How much does a solar power system cost?
This depends on your current energy use, your energy goals, the location of the proposed system and several other factors. The “My Solar Estimator” website can provide you with a reasonable approximation of expected upfront cost. For a more detailed and accurate estimate, please contact Full Spectrum Solar to arrange for a preliminary site assessment.
A solar power system is a long-term investment in your home or business, protected by performance warranties up to 25 years. A solar power system built today can continue to produce revenue long after the initial investment has been recouped. As the price of purchasing electricity or gas from your utility rises over the years, the energy produced by your solar power system will only become more valuable.
How big should a solar power system be?
This depends on your typical energy use and how much of it you wish to offset with solar power. The typical home in Wisconsin uses from 5,000 to 10,000 kilowatt hours (kWh) of electricity per year. To offset half that power here in Wisconsin, about 18 solar panels, or 320 square feet of panel area would be required.
The size of a solar thermal system depends on the application it is being used for. A domestic water heating load for an average household can be supplemented by a system that is two panels, each panel being about 25 square feet to 40 square feet. Applications such as pool heating and winter space heating are larger loads and typically utilize two to eight panels. Commercial applications vary widely, but are often between ten and fifty panels.
Is solar thermal right for my site?
No, it is not cost-effective to install solar thermal. Instead with recent advancements in Solar PV efficiency and reduction in cost, it is now a better finacial decision install an electric water heater and increase the size of your Solar PV system. The experts at Full Spectrum Solar can help create a system that works best for your particular site.
How long does it take to install?
This depends primarily on the size of the array. The smallest systems we build can be completed in two days, with additional visits to inspect and commission the system. Larger systems may take many weeks to build. We work closely with our clients to find a construction schedule that works best for them.
What are the current incentives available to solar purchasers?
A federal tax credit for 26% of the cost of solar power systems is slated to be available to property owners through 2022. This falls to 22% in 2023 and expires after that. Various other incentives are offered by utilities, manufacturers, nonprofits and state/local government. These incentives can change quickly and are usually offered on a first-come, first-served basis. Contact Full Spectrum Solar to get the most up-to-date information on current incentives and rebates.
What should I do about snow on my panels?
The dark materials that make up the solar photovoltaic panels absorb the sun’s heat causing the snow to melt and slide off. Several factors dictate the time required for the collectors to clear, including the angle of the collectors, depth of snow and intensity of sunlight. We do not recommend clearing the snow for your own personal safety and to avoid damaging the panels. We also include a loss factor due to snow covering while designing your solar system. This means that the quoted production accounts for an average year of snow melting of its own accord on your array.
Do you offer domestic water heating?
No, we no longer offer a completely solar water heating solution.

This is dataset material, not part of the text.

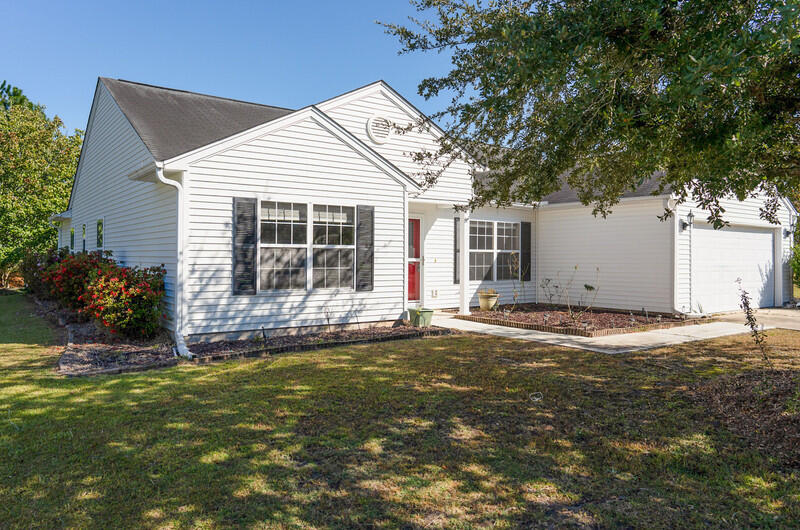 24 Honeycomb Court Ridgeland, SC 29936 - Photo 1 of 39 Front3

Solar water heating systems can provide domestic hot water and contribute to space heating. However, at this time, solar water heaters are not nearly as cost effective as photovoltaic systems. The majority of homes and commercial buildings in the Madison area use natural gas or LP for heating the hot water.
The relative low cost of these fuels and the cost of installing hot water systems has pushed the return on investment out to well over 20 years. In contrast, many residential photovoltaic systems have a return on investment in the 10 year range and commercial systems in the 7 year range.
Our Solution for Domestic Water Heating
Heat pump water heaters have significantly improved in the past five years. These units draw heat from the surrounding air and transfer it to your domestic hot water. The Energy Star website has an overview of this water heating technology.
Although these do use electricity, they use a lot less than an electric resistance water heater. Adding 1.5-2 kW of capacity to your photovoltaic system will offset the electricity used by the heat pump water heater in a typical home.
For example, we had a customer that needed a new water heater. The family wanted a 2 kW photovoltaic system to offset 100% of their electrical load. We installed a heat pump water heater and an additional 2 kW of photovoltaic system (for a total of 4 kw), for less than half the cost of installing a solar domestic hot water system and backup natural gas water heater.